Gentilissimo direttore, nel mio percorso politico, che mi ha dato la grande opportunità di scendere in campo per sostenere e aiutare numerose realtà, tra tutte, come ben sa, l’ospedale San Liberatore di Atri ha sempre occupato una parte importante dei miei interessi. Il motivo è presto detto: pensando a questo nosocomio e alla sua collocazione geografica, è innegabile il ruolo assolutamente strategico che esso riveste per il territorio del Cerrano e per l’entroterra della Val Fino, le cui comunità possono contare su un’eccellenza che ha saputo mantenere nel tempo elevati standard.

Per questo motivo, già nei momenti più bui della recente emergenza sanitaria ho fatto sentire la mia voce, nel timore che la trasformazione in ospedale Covid, seppur giusta, potesse mettere il San Liberatore in difficoltà nel momento della ripresa.

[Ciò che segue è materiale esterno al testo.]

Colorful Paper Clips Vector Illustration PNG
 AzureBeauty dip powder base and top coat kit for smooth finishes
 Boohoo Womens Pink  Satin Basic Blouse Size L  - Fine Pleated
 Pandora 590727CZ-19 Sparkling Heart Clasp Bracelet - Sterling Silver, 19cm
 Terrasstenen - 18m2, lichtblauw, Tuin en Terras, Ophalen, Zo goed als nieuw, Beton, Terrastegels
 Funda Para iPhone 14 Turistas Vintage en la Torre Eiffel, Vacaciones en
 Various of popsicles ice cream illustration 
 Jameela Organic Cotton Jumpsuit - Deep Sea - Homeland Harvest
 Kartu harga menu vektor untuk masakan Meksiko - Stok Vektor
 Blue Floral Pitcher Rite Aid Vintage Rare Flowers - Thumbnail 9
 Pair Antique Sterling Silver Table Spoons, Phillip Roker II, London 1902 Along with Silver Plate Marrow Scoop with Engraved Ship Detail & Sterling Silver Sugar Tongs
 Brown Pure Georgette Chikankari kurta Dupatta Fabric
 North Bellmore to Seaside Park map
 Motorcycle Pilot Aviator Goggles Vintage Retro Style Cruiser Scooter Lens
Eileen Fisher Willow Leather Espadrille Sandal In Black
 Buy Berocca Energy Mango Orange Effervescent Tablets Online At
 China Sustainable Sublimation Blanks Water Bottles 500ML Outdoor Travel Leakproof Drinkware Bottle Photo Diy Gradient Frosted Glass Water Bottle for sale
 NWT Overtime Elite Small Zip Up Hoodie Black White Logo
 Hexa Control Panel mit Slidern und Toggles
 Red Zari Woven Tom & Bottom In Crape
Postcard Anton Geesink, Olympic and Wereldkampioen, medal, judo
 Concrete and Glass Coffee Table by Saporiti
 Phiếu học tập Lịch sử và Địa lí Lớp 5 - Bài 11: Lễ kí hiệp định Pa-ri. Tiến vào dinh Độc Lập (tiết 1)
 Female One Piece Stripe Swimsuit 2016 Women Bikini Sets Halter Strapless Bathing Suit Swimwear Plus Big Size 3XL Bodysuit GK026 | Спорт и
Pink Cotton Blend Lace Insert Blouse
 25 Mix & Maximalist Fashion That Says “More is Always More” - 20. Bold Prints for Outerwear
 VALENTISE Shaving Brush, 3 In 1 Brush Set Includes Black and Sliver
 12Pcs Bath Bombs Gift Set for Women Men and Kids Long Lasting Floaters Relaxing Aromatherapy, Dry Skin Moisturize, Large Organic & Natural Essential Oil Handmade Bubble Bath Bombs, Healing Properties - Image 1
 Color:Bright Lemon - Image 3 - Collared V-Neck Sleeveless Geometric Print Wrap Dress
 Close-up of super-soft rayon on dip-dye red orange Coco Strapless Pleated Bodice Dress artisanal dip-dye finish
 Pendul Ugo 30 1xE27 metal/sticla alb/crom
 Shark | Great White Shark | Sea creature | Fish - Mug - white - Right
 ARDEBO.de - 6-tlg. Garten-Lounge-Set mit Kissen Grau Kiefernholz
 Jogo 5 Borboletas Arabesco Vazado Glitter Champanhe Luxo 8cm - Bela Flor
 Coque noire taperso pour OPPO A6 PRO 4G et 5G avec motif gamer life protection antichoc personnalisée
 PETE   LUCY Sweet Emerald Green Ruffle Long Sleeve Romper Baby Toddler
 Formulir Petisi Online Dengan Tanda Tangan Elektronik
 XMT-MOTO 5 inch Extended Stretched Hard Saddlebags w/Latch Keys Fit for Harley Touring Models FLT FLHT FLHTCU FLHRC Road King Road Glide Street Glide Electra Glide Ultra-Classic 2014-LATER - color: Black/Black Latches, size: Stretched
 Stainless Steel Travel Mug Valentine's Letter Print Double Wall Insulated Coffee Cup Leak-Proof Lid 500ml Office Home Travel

Molto è stato indubbiamente fatto, ma è altrettanto vero che il nosocomio ducale vive momenti di difficoltà che mi preme sottoporre alla sua attenzione, nella convinzione che saprà dare al San Liberatore l’attenzione che merita.

Mi riferisco alla situazione difficile in cui versano attualmente i medici anestesisti in servizio, il cui numero è eccessivamente ridotto con la conseguenza che risulta impossibile coprire in modo efficace i turni di lavoro. In realtà è una situazione che si protrae da mesi e che nel tempo si fa dunque sempre più difficile da portare avanti. Occorre pertanto intervenire, nel rispetto e nella considerazione di coloro che, l’emergenza lo ha dimostrato, svolgono un lavoro fondamentale per l’intera comunità e, in secondo luogo, per evitare di mettere a rischio la stessa possibilità di intervento per i cittadini, situazione non così utopica dinanzi ai numeri attualmente a disposizione.

 

Mi rendo disponibile a qualsiasi bisogno di approfondimento, nel frattempo ripongo piena fiducia in lei che, avendo a cuore la salute dei cittadini, non rimarrà di certo a braccia conserte, ma saprà reperire le risorse necessarie affinché il San Liberatore continui quell’ascesa che, per molti aspetti, lo ha reso addirittura una eccellenza del centro Italia.